In Hartshorne's proof of proposition II 6.7, there is a point that I don't really understand, and I couldn't find any clarification online. My question may be trivial, but getting an answer to it would be a great enlightenment to me. Here is the statement.
Let $X$ be a nonsingular curve over [an algebraically closed field] $k$ with function field $K$. Then the following are equivalent:
(i) $X$ is projective;
(ii) $X$ is complete;
(iii) $X$ is isomorphic to $t(C_K)$, where $C_K$ is the abstract nonsingular curve of (I,§6), and $t$ is the functor from varietes to schemes of (2.6).
Recall also that Hartshorne just defined curves over $k$ to be integral separated schemes of finite type over $k$, of dimension one. Such a curve is said to be nonsingular if all its local rings are regular.
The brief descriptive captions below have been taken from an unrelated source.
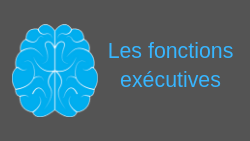 Fonctions Executive Page Dysmoi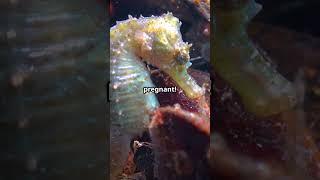 The Tiny Seahorse with a Big Secret!  #curiosphere #shorts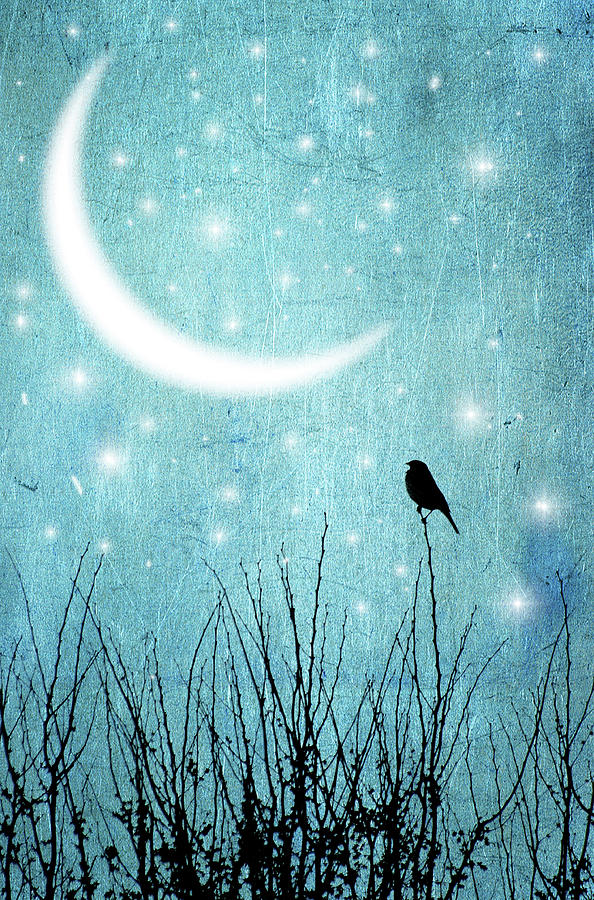 Moonlight Sonata Photograph by Marta Nardini Moonlight Sonata Photograph by Marta Nardini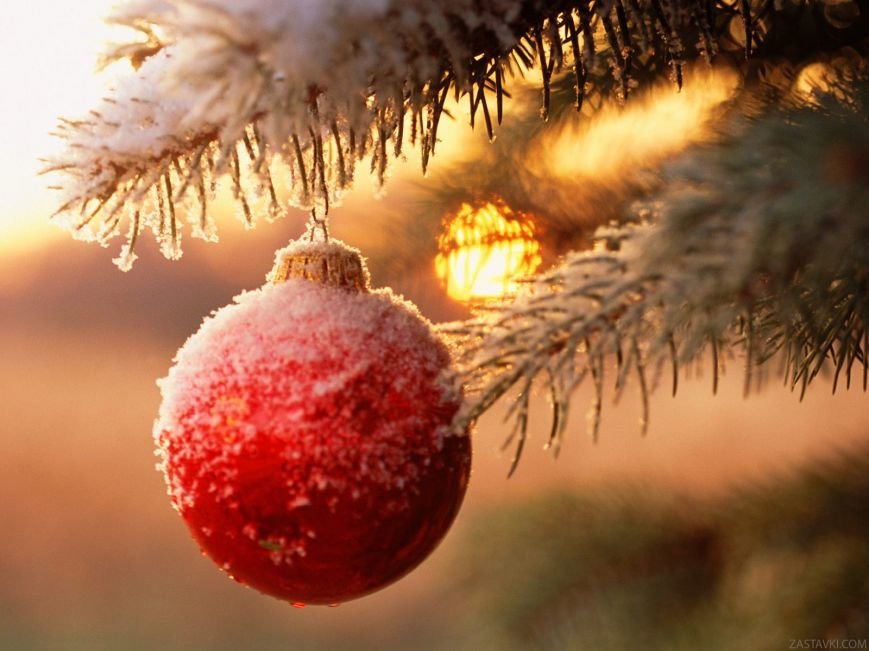 Новогодняя афиша 2015-2016: куда сходить повеселиться (фото) - фото 13 Новогодняя афиша 2015-2016: куда сходить повеселиться (фото) - фото 13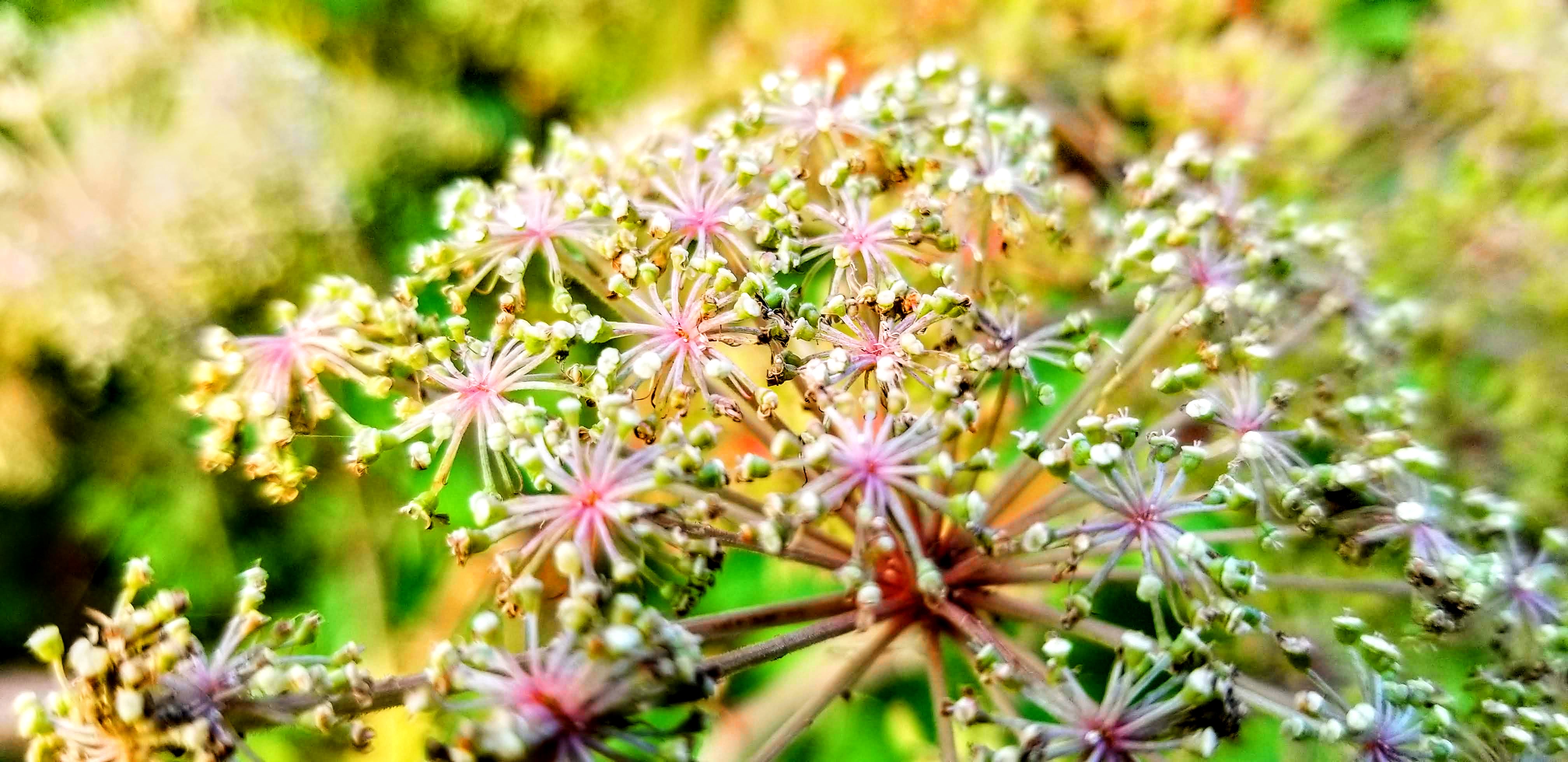 Closeup of flowers in late summer.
The point I don't understand lies in the proof of $(ii) \rightarrow (iii)$. It is written that the closed points of $X$ are in $1-1$ correspondence with the discrete valuation rings of $K/k$.
While I agree that all local rings at closed points are discrete valuation rings of $K/k$, why would this only concern closed points? Given that all local rings are assumed to be regular, I don't see any reason why only those at closed points are discrete valuation rings of $K/k$.
Does this have something to do with the fact that closed points are exactly those with residue field isomorphic to $k$?
I thank you in advance for your clarifications.